7. Teaspoon of Olive Oil

Cut Chicken Breast into 2 fillets.
Sprinkle Pepper on the Chicken fillets.
Warm your pan to medium heat and add Olive Oil and wait 3 minutes.
Lay the fillets on the pan & sprinkle sea salt.
Cook for 5 minutes before turning the sides of the fillets.
Continue allow the other side to cook for another 7 minutes.
Meanwhile, add olive oil to another frying pan with low heat and add Spinach and stir.
Add Cream Cheese and Cherry Tomatoes with pepper and Sea Salt.
Lay Chicken breast fillets first on a plate & add your Cream Cheese mix.

Voila! Its ready to serve!

Salmon with Vegetables

1. Salmon Fillet 200g
2. Asparagus
3. Cauliflower
4. Pepper
5. Salt
Healthier Choice: Sea Salt or Pink Salt
6. Sesame Seeds
7. Diced Garlic & Butter Sauce (Optional, for extra taste)
8. Sesame Seeds

You can use other vegetables such as Kale, Spinach, Brocolli, Carrots, Brussel Sprouts, Green Peas, etc.

Cut Salmon fillet into 2 pieces
Add pepper and salt and rub it into the Salmon fillet.
Cut up Cauliflower, removing its leaves.
Cut away stems of Asparagus.
Put Olive Oil in a pan with medium heat and lay the Salmon.
Allow to cook for 2 minutes before flipping to the other side.
Boil Asparagus and Cauliflower.
Lay Salmon and boiled vegetables on a plate.
Sprinkle Sesame Seeds on the top & serve!

Optional: For extra flavour, mix unsalted butter mixed with diced garlic and pour it over the plate.

Avocado Toast with Poached Egg

1. Loaf of Wholemeal Bread
2. Avocado (Half)
3. 2 Eggs
4. Pepper
5. Salt
Healthier Choice: Sea Salt or Pink Salt
6. Cherry Tomatoes
7. Olive Oil
8. White Vinegar
9. Unsalted Butter (Optional)

Note: Adding Vinegar makes the whites of the egg firm while in heat disallowing it to disperse. (Read more here)
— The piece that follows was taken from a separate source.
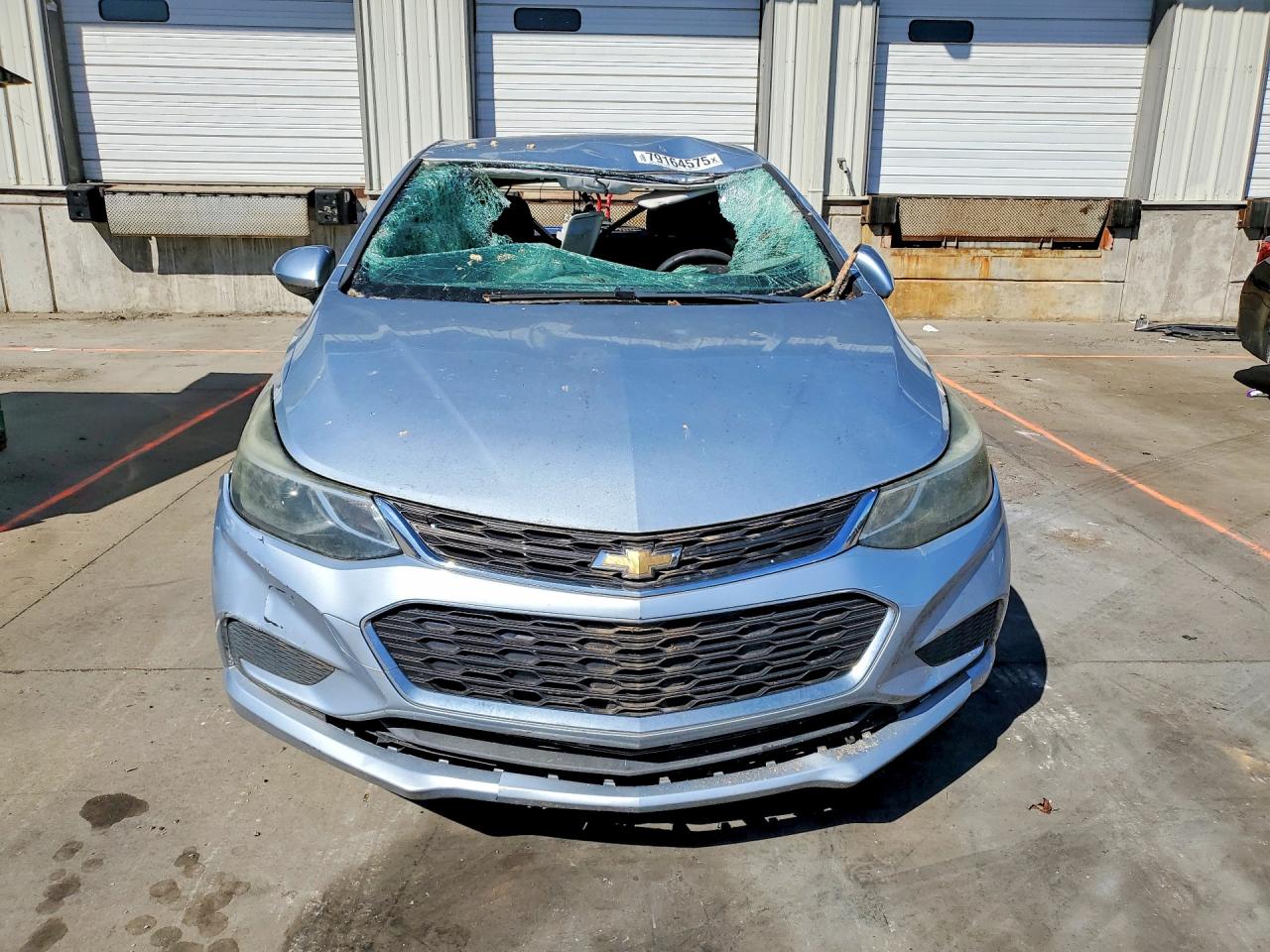 2017 CHEVROLET CRUZE LT photo 9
Cut 2 slices of Bread and toast them on a pan, 1 minute each side or till crisp.
Mash Avocado into a small bowl with Salt, Pepper & Olive Oil.
Boil water and add Vinegar and Stir the pot in a circular motion.
Crack eggs into the pot and watch it coagulate!
Scoop it out and place on a strainer to allow excess water to drain.
Spread Unsalted Butter on the Bread & Avocado Spread on top.
Place Cherry Tomatoes first & then the Poached Egg on top.
Sprinkle a little Pepper on top & its ready to be served!

Note: The above are for single servings. If you have a busy schedule, you can double or triple up the serving size. Set a day aside to prepare your meals and keep them refrigerated (no more than 2 days for freshness).

Also, these meal preps are guideline recipes by which you can tweak a little to spice up the flavour to your liking. We have chosen these recipes as are they’re simple, fuss-free and quick to prepare.

Be creative and share with us your thoughts and ideas if you feel like you’ve found an amazing recipe that we cannot miss!

A nutritional home-cooked meal is the way to go! So prepare yourself for a day of grocery shopping to stock up your home amidst this global crisis. Remember to always stay clean and safe!